Actually, Taipei doesn't need to pat itself on the back just because Bush is friendly toward it. But there is also no need to resent former US president Bill Clinton for insufficient friendliness. The Bush government is still in the process of experimenting, adjusting and learning. In the end, it will swing back to the center -- where US national interests really lie. Bluntly put, the US' China policy still aims to prevent unification, independence, war and discord across the Strait. It also aims to keep Taiwan and contain China. China and Taiwan can have contact and resume talks, but it must be under US supervision and guidance.
In terms of how to move beyond the present situation, this writer proposes both passive and active approaches. As for the former, in its international relations, Taipei shouldn't force other countries to choose between China and Taiwan, because the victim in such cases is usually Taiwan. In terms of its relationship with China, Taipei mustn't put the so-called "Taiwan question" on the agenda too soon. This, too, would not be beneficial to Taiwan. In relations with the US, Taiwan must not excessively exploit the conflict between the US administration and Congress, or seek to damage US-China relations. This will likewise cause Taiwan to become the victim in the end.
Even more importantly, Taiwan should consider adopting a more proactive attitude and approach in dealing with the cross-strait predicament. Internationally, Taiwan must ensure that it stands on the side of reason (even though China has the advantage of might.) In cross-strait relations, if Taiwan hides, stalls or flees, it won't be able to resolve any problems. On the contrary, it would be better to adopt a forward-looking, aggressive and offensive tack. In its relations with the US, Taiwan can even consider helping improve relations between the US and China under the premise that its interests will not be compromised in the process.
More specifically, while Taiwan can oppose "one country, two systems" and refuse to accept the regime of the Chinese Communist Party (CCP), it can also stress the need for a China that is free, democratic and unified -- and one with an equal distribution of wealth. Taiwan can resolve to be responsible for China's future and make it clear that Taiwan is not part of a foreign power blockade or a tool being used to restrict China's future development.
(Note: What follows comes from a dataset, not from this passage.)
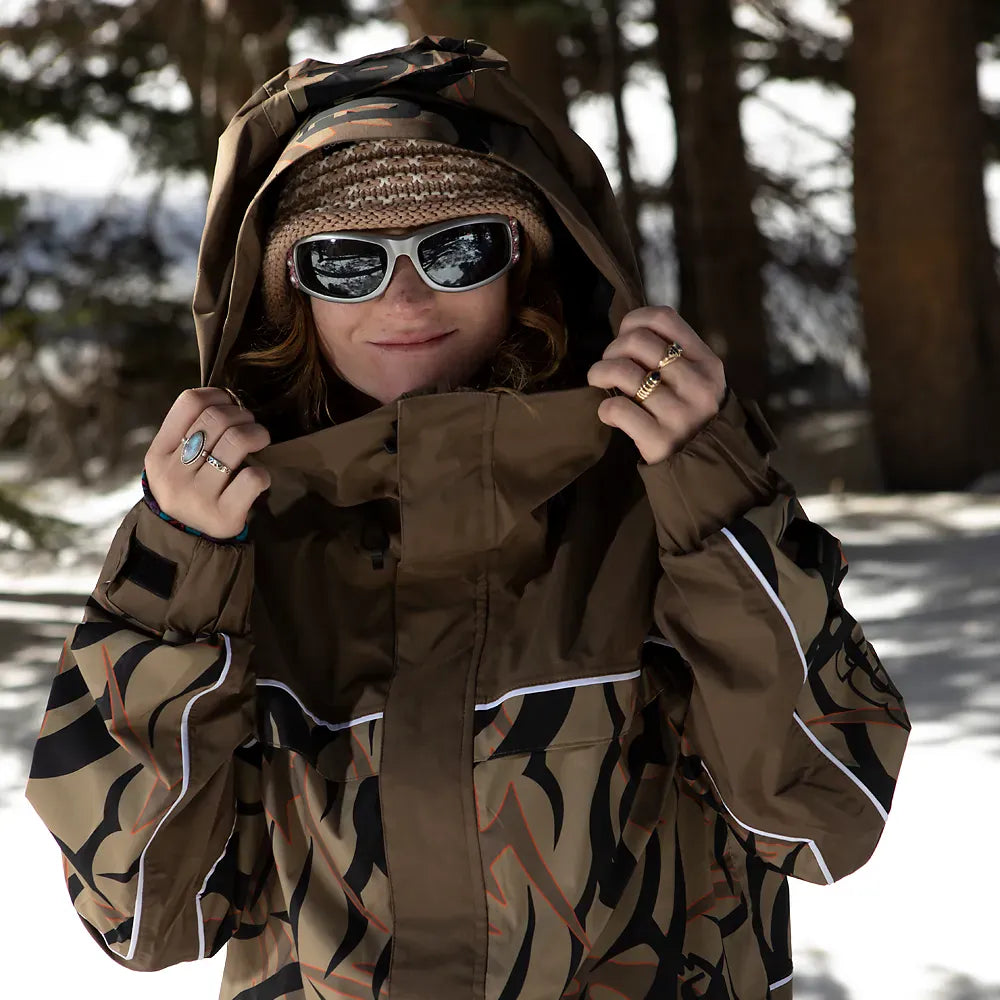 Corduroy Jacket Non-Insulated Jacket ThirtyTwo Rider Driven Snowboarding Snow Premium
Language must be mild and actions careful. The vision should be broad, but actions must be small. While refusing to give the CCP an excuse to take action against Taiwan, Taiwan must position itself strategically such that it can act both offensively and defensively. Adopting this sort of position would only benefit Taiwan.
Similarly, the US hopes that China will continue with its reforms and adopt a milder, more reasonable tone. In Bush's words, the US wants to see a stable, prosperous and neighborly China. This line taken by the White House is actually consistent with US, Taiwan and global interests -- and of course the long-term interests of Chinese-speaking peoples. By using its development experience and status as a part of greater Chinese culture, Taiwan can play a definite role in assisting Beijing to accept international standards of conduct and blend into the international community. Think about how much Taiwan could benefit politically and economically from such an effort -- only by doing so can everybody win.
Being someone else's pawn is no solution. To find contentment in this role would truly be a sign of moral bankruptcy.
George W. Tsai is a research fellow at the Institute of International Relations at National Chengchi University.